Sous l’occupation les habitants d’Oberroedern n’ont pas subi de déportation ou autres atrocités mais ils étaient placés sous étroites surveillances par des sbires nazis qui les considéraient comme peu fiables. Leur environnement a été modifié pour qu’ils se sentent totalement citoyens du Reich. Les noms et prénoms sont regermanisés, ainsi du jour au lendemain Charles devient Karl, Roger devient Rüdiger et René devient Renatus. Tout ce qui rappelle la France, comme le béret par exemple est banni. Les « salut », « bonjour » ou « au revoir » sont remplacés par le « Heil Hitler » bras tendu.
L’endoctrinement est organisé progressivement. D’abord avec la Hitlerjugend où les enfants se trouvent en uniforme pour la première fois et qui devient obligatoire en Alsace à partir du 2 janvier 1942. A l’âge de 17 ans le Reichsarbeitsdienst prend le relais, il oblige les filles et garçons à effectuer un service national de travail où la discipline de type militaire est accentuée. Les filles des classes 1923 et 1924 d’Oberroedern partent pendant une durée de 5 mois, de novembre 1942 à mars 1943 pour effectuer leur service dans diverses villes allemandes.
Pendant ce temps les garçons des classes 1920, 1921 et 1922 sont incorporés de force dans la Wehrmacht. Alors que 7 jeunes d’Oberroedern (Albert Dangler, Edmond Fechter, Joseph Fechter, Robert Fechter, Martin Fix, Charles Philipps et René Philipps) et 3 de Stundwiller refusent de signer le « Wehrpass » d’enrôlement, ils sont enfermés. D’abord à Wissembourg puis à Haguenau et finalement ils seront conduits au camp de rééducation de Schirmeck. Jusqu’ici ils n’ont fléchi devant aucun coup, ni aucune menace. Néanmoins, au dixième jour, le chef du camp menace d’expulser leur famille et de les mettre « à la corvée de chiottes » permanente (et elle se faisait à main nue). Ils acceptent finalement de signer les papiers.

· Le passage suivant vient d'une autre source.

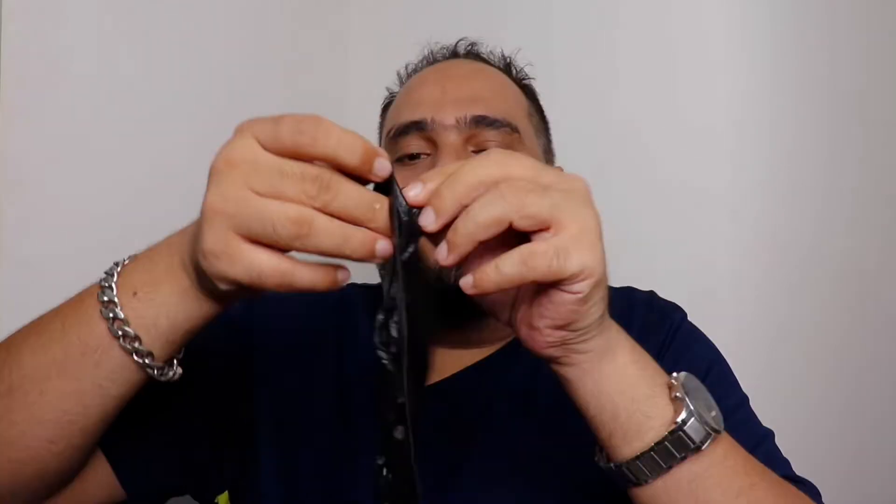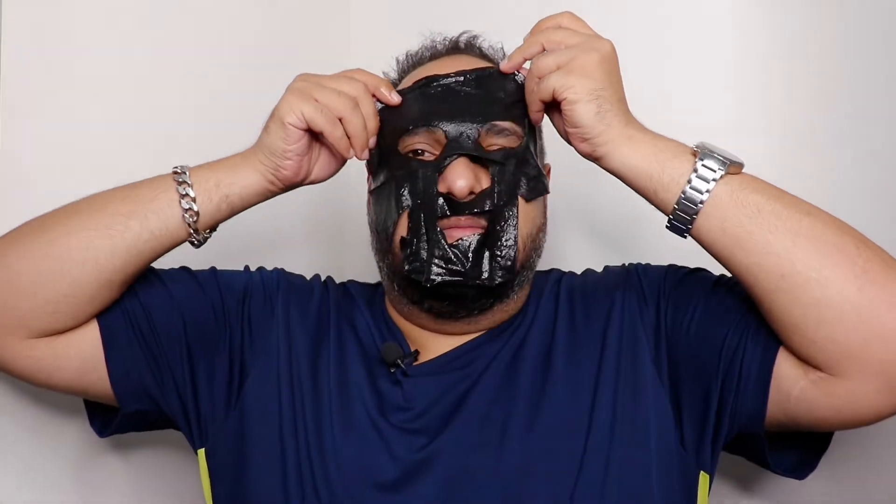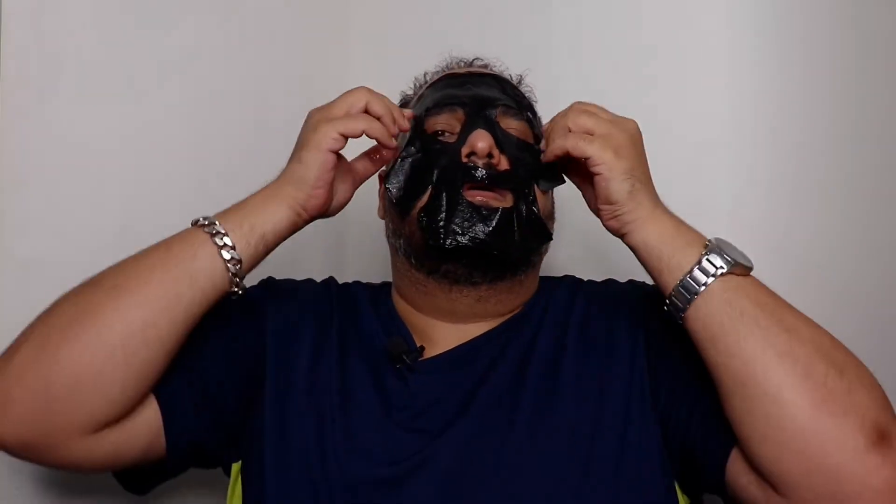I've washed my face before applying this mask - you need to wash your face first, then towel dry it. I'm just opening up the mask now. The recommended time to leave it on is around 15 minutes, but because it's an XL mask you can wait a little longer. Let's wait for 15 to 30 minutes and see.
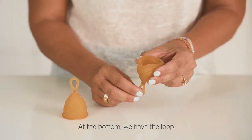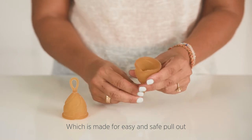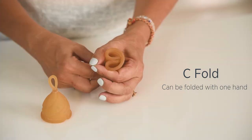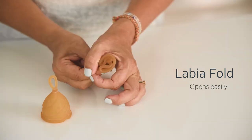At the bottom we have the Loop, which is made for easy and safe pullout. The C-Fold can be folded with one hand. The Labia 4 fold opens easily.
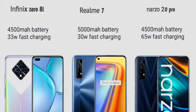For battery, the Infinix Zero 8 has a 4500mAh battery with 33W fast charging support. The Realme 7 has a 5000mAh battery with 30W fast charging. The Realme Narzo 20 Pro has a 4500mAh battery but supports 65W fast charging, meaning it can charge to full in about 30 minutes.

La plupart rentrent chez eux avant d’être envoyés sur le front russe en juin 1944. Au début du mois d’octobre 1944, un grand nombre de prisonniers alsaciens sont transférés au camp de Tambow en Russie. Quelques oberroedernois s’y retrouveront : Albert Dangler, Robert Fechter, Martin Fix, Antoine Amann, Joseph Ball, Georges Beill, Charles Philipps, Joseph Strasser et Aloyse Eisenmann qui y laissera sa vie.
L’arrivée des Alliés
En parallèle, le 6 juin 1944 les Alliés débarquent sur les plages de Normandie, la terrible bataille de Normandie ne s’achèvera que fin juillet 1944 mais marque le début d’une série de défaites pour la Wehrmacht. Le 3 septembre Lyon est libérée, puis Mulhouse le 21 novembre, Strasbourg le 23 novembre et Haguenau le 11 décembre. Les troupes américaines arrivent à Hatten le 13 décembre et le 21 décembre ils s’installent « durablement » à Oberroedern.
La population locale sympathise avec eux, les enfants découvrent les chewing-gums, le chocolat et certains fument leurs premières cigarettes. Un canon de gros calibre est installé et régulièrement utilisé à Oberroedern jusqu’à la Saint-Sylvestre date à laquelle les Américains se replient pour éviter un encerclement suite à l’opération Nordwind. Les villageois sont découragés, ils craignent des représailles de la part des allemands.
Du 6 au 9 janvier Oberroedern est attaquée par le Nord mais les ennemis sont repoussés par les américains. Les allemands n’ont pas renoncés à la conquête du village, ils tentent donc d’attaquer par le sud-est. Cette fois-ci les obus pleuvent sur Oberroedern. Les villageois sont terrifiés, frigorifiés, ils vivent un véritable cauchemar. Ils se cachent pendant plusieurs jours dans les caves ou des abris creusés en prévision. Ces caves se révèlent souvent peu sûres et plusieurs familles se voient obligées de changer de caves ou de se réfugier dans des caves voisines après avoir été gravement menacés par des obus. Plusieurs personnes sont blessées et certaines perdent la vie lors de leurs escapades à l’extérieur pour chercher de quoi survivre. Les américains sont toujours là et font ce qu’ils peuvent pour aider les villageois.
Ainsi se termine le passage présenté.